The prisoner’s dilemma has two interesting characteristics that make it a useful model of a social dilemma. For one, the prisoner’s dilemma is arranged so that a positive outcome for one player does not necessarily mean a negative outcome for the other player (i.e., the prisoner’s dilemma is not a fixed-sum situation but an integrative one). If you consider again the matrix in Figure 12.5, you can see that if one player takes the cooperative choice (to not confess) and the other takes the competitive choice (to confess), then the prisoner who cooperates loses, whereas the other prisoner wins. However, if both prisoners make the cooperative choice, each remaining quiet, then neither gains more than the other, and both prisoners receive a relatively light sentence. In this sense, both players can win at the same time.
Second, the prisoner’s dilemma matrix is arranged such that each individual player is motivated to take the competitive choice because this choice leads to a higher payoff regardless of what the other player does.
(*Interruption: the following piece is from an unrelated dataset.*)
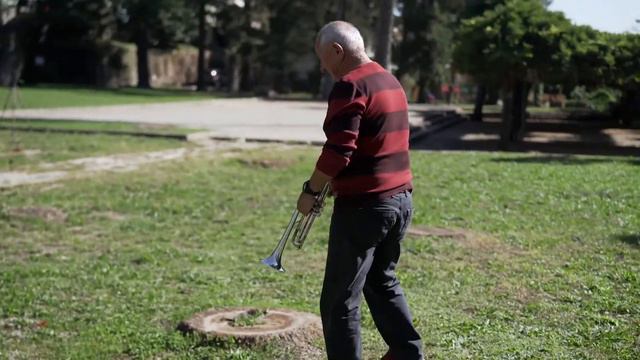Film Palma Nostra - Zoran Zoro Martinetti смотреть онлайн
Imagine for a moment that you are Malik, and you are trying to decide whether to cooperate (don’t confess) or to compete (confess). And imagine that you are not really sure what Frank is going to do. Remember that the goal of the individual is to maximize rewards. The values in the matrix make it clear that if you think that Frank is going to confess, you should confess yourself (to get 10 rather than 30 years in prison). And it is also clear that if you think Frank is not going to confess, you should still confess (to get no years rather than three years in prison). So the matrix is arranged so that the “best” alternative for each player, at least in the sense of pure self-interest, is to make the competitive choice, even though in the end both players would prefer the combination in which both players cooperate to the one in which they both compete.
Although initially specified in terms of the two prisoners, similar payoff matrices can be used to predict behavior in many different types of dilemmas involving two or more parties and including choices between helping and not helping, working and loafing, and paying and not paying debts (Weber & Messick, 2004). For instance, we can use the prisoner’s dilemma to help us understand a contributions dilemma, such as why two roommates might not want to contribute to the housework. Each of them would be better off if they relied on the other to clean the house. Yet if neither of them makes an effort to clean the house (the cooperative choice), the house becomes a mess and they will both be worse off.